How do you calculate the POSITION of the median value?
Median is the value that is the MIDDLE of the ARRANGED set (numerical order from lowest to highest)
> 50% of the data points fall BELOW the median and 50% of the data points fall ABOVE the median (NOT including the median value itself)
To find the median, we need to find its POSITION in the set:
(A) Sets with an ODD number of terms (N): Round UP N/2 to the nearest whole numbers
> e.g., 7/2 = 3.5 –> median is located at position 4
Alternatively, median is at the (N+1)/2 position
(B) Sets with an EVEN number of terms (N): ADD 0.5 to N/2
e.g., 6/2 = 3 –> median is located at position 3.5 (average of values at position 3 and 4)
Alternatively, median averages the values at the N/2 and (N+2)/2 positions
What is the bare minimum you need to be able to calculate the Median of a set?

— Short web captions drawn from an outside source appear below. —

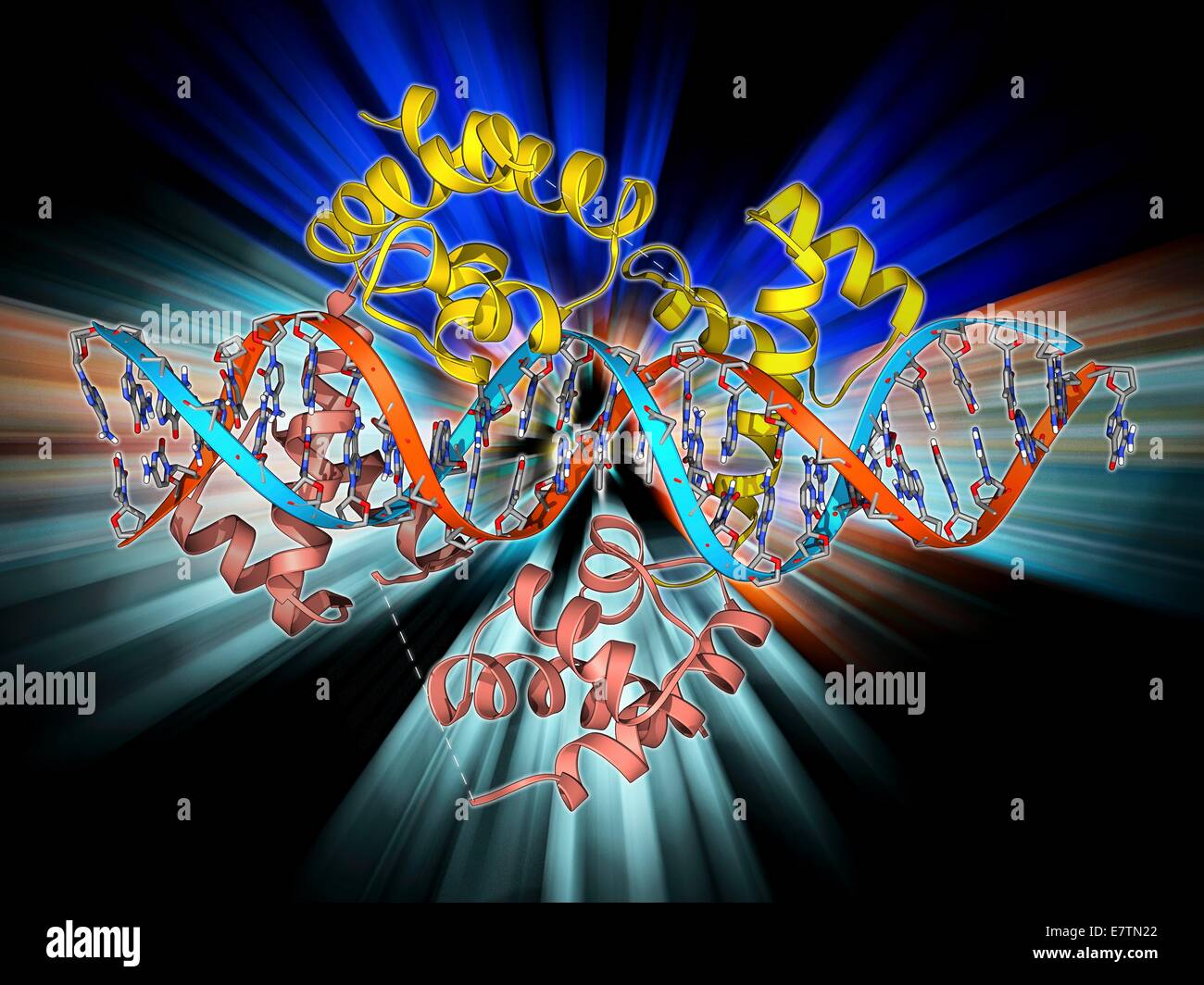 Grube-1 Transkriptionsfaktor an DNA gebunden. Molekülmodell zeigt Hypophyse-spezifische positive Transkriptionsfaktor 1 (Pit-1) (gelb und rosa) verpflichtet, einen Strang der DNA (Desoxyribonukleinsäure, Zentrum). Transkriptionsfaktoren sind Proteine, die an binden Stockfoto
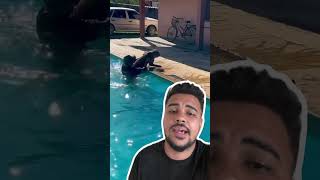 Animal na piscina #fy #pool #piscinas #pets #curiosidades #foryou #viralvideo #cuidados #shorts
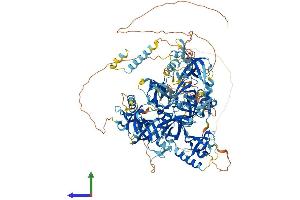 AlphaFold protein structure predicition of Mouse Recombinant Tdrd1 Protein, UniprotID Q99MV1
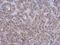 Serine palmitoyltransferase 2 antibody, NBP2-20308, Novus Biologicals, Immunohistochemistry frozen image 
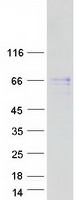 Coomassie blue staining of purified FAM13C protein (Cat# TP309580). The protein was produced from HEK293T cells transfected with FAM13C cDNA clone (Cat# RC209580) using MegaTran 2.0 (Cat# TT210002).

For sets with an ODD number of terms –> need to know the value of the MIDDLE term
For sets with an EVEN number of terms –> need to know the values of the PAIR OF MIDDLE terms
Therefore, you do NOT need to know all the values of a set (just the middle ones)!
For DS Qs, it is helpful to test different positions of unknown terms to see if that changes the value of the median
Mode - can you have more than one? Can you have none?
e.g., what is the mode of the set {1,2,3,1,2,3}
You can have zero modes, one mode, or more than one mode
Mode = the number that appears most frequently in a data set (need to track FREQUENCY of appearance of each data point)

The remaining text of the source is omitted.